The 2T WD20NPVZ has been working for over a year for me.


----------



## chicagobrownblue (May 29, 2008)

ifixit.com sells some tools that make this easier, including opening picks that should spare breaking the tabs that hold the cover in place. Tools are right above step 1.

TiVo Bolt Hard Drive Replacement


----------



## Tony_T (Nov 2, 2017)

The Spudger / Individual is a great tool.


----------



## ncbill (Sep 1, 2007)

I've got a 3TB drive (of the approved makes) to drop in...will I need to upgrade cooling first?


----------



## Mikeguy (Jul 28, 2005)

ncbill said:


> I've got a 3TB drive (of the approved makes) to drop in...will I need to upgrade cooling first?


Nope.


----------



## jlb (Dec 13, 2001)

Tony_T said:


> For a drive <= 3T, just plug in the new drive. Not all drives work, so do a search in this forum. There's also this good video on YouTube!


That's the video I watched. Definitely a great resource!



Tony_T said:


> The 2T WD20NPVZ has been working for over a year for me.


That's the drive I put in mine. Mine has been in almost a year. Excellent drive.
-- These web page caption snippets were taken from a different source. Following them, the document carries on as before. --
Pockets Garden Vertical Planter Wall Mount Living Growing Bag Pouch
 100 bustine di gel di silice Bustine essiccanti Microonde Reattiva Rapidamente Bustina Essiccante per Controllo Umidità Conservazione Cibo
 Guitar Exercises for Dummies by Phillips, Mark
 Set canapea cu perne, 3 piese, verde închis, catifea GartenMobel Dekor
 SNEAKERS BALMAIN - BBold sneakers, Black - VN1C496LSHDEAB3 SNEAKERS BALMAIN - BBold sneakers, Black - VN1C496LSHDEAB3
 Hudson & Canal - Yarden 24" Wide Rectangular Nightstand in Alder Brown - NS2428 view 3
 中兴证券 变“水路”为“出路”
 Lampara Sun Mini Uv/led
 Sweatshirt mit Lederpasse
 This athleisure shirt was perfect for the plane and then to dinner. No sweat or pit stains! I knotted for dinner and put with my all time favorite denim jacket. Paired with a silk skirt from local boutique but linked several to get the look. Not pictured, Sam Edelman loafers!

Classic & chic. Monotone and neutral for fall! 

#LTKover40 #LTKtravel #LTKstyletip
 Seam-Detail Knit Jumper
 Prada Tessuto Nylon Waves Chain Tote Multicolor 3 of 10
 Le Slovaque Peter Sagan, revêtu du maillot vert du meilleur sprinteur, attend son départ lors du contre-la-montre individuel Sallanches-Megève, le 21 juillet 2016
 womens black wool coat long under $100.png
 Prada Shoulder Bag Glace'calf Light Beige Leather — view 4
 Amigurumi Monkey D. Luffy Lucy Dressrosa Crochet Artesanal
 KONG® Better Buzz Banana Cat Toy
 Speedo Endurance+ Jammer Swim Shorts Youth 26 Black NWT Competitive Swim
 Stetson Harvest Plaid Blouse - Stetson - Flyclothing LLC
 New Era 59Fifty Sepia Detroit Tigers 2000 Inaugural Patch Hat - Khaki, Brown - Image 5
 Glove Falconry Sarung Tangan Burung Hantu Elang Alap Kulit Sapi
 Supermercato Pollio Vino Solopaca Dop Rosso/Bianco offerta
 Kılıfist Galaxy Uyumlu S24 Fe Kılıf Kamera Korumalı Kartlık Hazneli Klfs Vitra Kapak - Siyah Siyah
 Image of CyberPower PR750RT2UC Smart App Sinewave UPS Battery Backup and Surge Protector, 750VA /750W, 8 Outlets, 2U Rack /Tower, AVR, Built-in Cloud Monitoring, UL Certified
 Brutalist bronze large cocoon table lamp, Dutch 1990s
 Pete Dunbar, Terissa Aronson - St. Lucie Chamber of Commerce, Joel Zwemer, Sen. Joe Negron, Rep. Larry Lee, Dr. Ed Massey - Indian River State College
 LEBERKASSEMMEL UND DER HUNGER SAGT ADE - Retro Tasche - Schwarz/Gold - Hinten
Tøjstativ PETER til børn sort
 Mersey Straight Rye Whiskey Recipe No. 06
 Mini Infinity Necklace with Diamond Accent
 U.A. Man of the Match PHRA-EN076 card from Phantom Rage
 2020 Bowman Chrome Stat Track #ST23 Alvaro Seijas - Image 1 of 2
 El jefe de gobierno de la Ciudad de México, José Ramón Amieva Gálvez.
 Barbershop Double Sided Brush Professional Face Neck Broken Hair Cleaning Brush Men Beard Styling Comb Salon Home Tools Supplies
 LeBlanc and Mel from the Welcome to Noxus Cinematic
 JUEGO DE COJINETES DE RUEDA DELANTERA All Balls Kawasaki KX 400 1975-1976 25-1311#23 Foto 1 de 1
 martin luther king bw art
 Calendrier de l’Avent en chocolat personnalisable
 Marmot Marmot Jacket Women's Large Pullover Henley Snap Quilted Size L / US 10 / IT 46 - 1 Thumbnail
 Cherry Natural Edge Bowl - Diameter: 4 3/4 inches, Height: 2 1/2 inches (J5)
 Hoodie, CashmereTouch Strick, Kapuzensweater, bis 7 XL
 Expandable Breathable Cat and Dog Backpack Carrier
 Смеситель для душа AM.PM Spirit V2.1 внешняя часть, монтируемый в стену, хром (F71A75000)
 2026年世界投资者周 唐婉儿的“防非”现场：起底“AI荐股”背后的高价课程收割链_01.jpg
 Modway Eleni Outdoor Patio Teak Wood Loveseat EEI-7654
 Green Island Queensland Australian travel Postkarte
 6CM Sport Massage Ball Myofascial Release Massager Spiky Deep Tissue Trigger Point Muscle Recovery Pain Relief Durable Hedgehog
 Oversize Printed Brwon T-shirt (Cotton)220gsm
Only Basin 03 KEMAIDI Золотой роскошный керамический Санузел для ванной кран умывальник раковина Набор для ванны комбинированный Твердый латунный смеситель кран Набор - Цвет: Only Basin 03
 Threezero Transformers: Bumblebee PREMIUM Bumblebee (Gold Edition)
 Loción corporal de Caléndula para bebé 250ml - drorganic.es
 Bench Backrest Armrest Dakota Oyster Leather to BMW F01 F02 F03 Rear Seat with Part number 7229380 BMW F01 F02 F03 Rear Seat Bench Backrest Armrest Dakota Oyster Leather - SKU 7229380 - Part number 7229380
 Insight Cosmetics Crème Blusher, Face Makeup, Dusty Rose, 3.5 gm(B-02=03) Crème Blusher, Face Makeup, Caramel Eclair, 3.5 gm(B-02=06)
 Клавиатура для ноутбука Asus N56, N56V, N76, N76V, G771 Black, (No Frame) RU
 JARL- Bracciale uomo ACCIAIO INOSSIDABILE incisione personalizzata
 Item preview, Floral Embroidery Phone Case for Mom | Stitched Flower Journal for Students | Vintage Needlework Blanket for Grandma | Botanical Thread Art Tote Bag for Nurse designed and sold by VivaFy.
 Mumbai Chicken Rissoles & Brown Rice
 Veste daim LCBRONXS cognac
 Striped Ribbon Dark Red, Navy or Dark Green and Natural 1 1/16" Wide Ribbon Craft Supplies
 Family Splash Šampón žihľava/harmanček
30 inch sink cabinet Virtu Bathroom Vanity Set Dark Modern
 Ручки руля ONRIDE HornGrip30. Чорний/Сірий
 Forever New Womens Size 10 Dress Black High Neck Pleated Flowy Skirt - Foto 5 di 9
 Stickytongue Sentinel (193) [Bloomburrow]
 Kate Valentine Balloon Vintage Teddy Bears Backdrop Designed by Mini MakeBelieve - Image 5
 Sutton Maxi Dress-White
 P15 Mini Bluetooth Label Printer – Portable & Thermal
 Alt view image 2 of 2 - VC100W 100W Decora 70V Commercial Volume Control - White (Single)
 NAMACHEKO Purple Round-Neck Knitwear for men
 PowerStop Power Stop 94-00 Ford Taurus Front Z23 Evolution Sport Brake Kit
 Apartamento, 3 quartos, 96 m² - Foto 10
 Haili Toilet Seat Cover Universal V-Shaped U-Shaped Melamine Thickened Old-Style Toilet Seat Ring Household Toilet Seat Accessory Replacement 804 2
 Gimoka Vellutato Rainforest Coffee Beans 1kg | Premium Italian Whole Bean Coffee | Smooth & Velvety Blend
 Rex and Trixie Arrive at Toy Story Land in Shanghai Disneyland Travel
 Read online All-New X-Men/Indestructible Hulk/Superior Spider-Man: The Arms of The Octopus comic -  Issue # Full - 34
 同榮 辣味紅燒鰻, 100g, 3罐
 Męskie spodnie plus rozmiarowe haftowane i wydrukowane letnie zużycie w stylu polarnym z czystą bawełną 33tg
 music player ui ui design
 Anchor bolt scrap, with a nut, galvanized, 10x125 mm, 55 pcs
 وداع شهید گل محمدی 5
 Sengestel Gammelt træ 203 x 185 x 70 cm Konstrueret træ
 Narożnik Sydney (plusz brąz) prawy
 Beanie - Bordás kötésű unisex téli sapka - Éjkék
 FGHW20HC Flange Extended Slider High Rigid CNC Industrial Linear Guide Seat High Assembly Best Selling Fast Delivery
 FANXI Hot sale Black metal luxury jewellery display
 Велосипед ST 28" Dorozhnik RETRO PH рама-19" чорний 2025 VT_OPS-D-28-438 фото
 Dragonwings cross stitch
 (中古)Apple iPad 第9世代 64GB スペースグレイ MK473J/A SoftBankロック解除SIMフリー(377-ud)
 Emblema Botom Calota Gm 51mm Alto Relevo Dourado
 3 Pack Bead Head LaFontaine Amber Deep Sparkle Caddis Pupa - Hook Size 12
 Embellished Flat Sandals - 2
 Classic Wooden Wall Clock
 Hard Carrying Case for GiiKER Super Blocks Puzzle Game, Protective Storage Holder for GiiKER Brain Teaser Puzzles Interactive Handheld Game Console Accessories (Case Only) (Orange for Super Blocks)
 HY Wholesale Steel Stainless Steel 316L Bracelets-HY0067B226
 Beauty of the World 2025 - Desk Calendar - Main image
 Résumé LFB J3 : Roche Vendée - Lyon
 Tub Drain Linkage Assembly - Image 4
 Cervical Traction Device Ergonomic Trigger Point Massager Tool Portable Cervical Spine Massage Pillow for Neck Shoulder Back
I chose to pay a little more and ordered it direct from WD for maximum warranty.



chicagobrownblue said:


> ifixit.com sells some tools that make this easier, including opening picks that should spare breaking the tabs that hold the cover in place. Tools are right above step 1.
> 
> TiVo Bolt Hard Drive Replacement


I was ever so careful and STILL broke some tabs. Does not appear to keep the lid from NOT closing well. I look at it this way...when I go to upgrade the HDD again some time down the road, I've pre-broken the tabs and won't have to worry about doing that again!


----------



## Hercules67 (Dec 8, 2007)

Question:

Is there a way to transfer shows from old drive to new drive?


----------



## V7Goose (May 28, 2005)

Hercules67 said:


> Question:
> 
> Is there a way to transfer shows from old drive to new drive?


Not unless you transfer them to a different TiVo or PC BEFORE you remove the drive from the Bolt.


----------



## Hercules67 (Dec 8, 2007)

V7Goose said:


> Not unless you transfer them to a different TiVo or PC BEFORE you remove the drive from the Bolt.


Thank you.


----------



## HerronScott (Jan 1, 2002)

Hercules67 said:


> Is there a way to transfer shows from old drive to new drive?





V7Goose said:


> Not unless you transfer them to a different TiVo or PC BEFORE you remove the drive from the Bolt.


jmbach has a patched version of MFSTools 3.2 that should be able to copy the drive to a new larger one (can't recall if he released this on his regular ISO download or not in the MFSTools 3.2 thread).

Tivo Bolt Disk replacement

Scott


----------



## HerronScott (Jan 1, 2002)

HerronScott said:


> jmbach has a patched version of MFSTools 3.2 that should be able to copy the drive to a new larger one (can't recall if he released this on his regular ISO download or not in the MFSTools 3.2 thread).
> 
> Tivo Bolt Disk replacement


Looks like he has.

MFS Tools 3.2

Scott


----------